We begin with something of a universal truth: World of Warcraft and its various expansion packs pretty much own MMO. While we slip away every so often to try a little slice of new and different--The Secret World, Star Wars: The Old Republic, Eve Online, and so on--most gamers out there come back to World of Warcraft. It's where their friends are, it's the game they know and enjoy and have come to have the most fun playing.
But The Elder Scrolls Online has a little something extra going for it. It's not that the game has a particularly excited fanbase that will look forward to such a game. It does, of course--I happen to be a pretty big Elder Scrolls fan myself--but so too did Star Wars: The Old Republic. Here, I'm thinking of the look of the game. Looking at The Elder Scrolls Online and comparing it to World of Warcraft is like looking at an Xbox launch title and comparing it against an Xbox 360 launch title. There's barely a comparison.

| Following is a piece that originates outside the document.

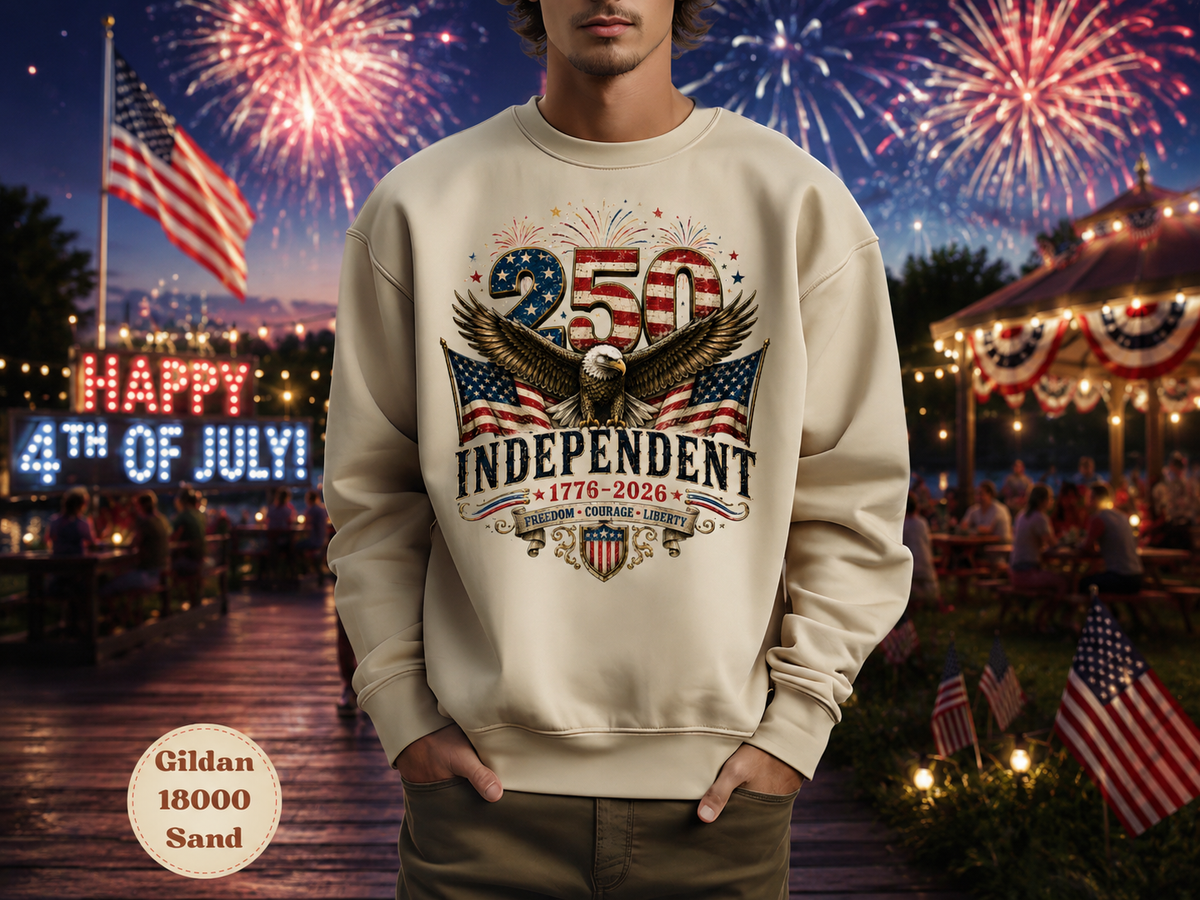 250 Years Independent Eagle Sweatshirt Patriotic American Flag Bald Eagle 1776-2026 USA Anniversary Pullover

Looks, however, only go so far. Gameplay has something to say too, and from the sounds of things, The Elder Scrolls Online will have plenty of options to pursue. That's the kind of thing that goes a long way. In fact, in much the same way that Elder Scrolls games have in the past--as well as those newer entries into the Fallout vein--there will be a main quest to pursue, but there will also be side quests to launch into from the introductory zones. In World of Warcraft style, these seem to revolve going places and killing things, but then that's not too far from what the Elder Scrolls would do. So seeing it happen here actually fits in reasonably well. But it's not all fetch quests, either; some are multi-part quests in which one quest kicks off three smaller quests that should be finished to get the parts for the larger quest. Depending on how you treat these parts, your next quest may be harder, or easier, than normal based on what all you did to assemble the parts.
That sounds like standard Elder Scrolls, and in a big world like Tamriel, there's plenty of potential for more.action to come. I'm more a console gamer than a PC gamer, but I have to admit I've had more of an interest in some PC games of late. It's exciting to think about the possibilities to come, and the growing field will have to be watched.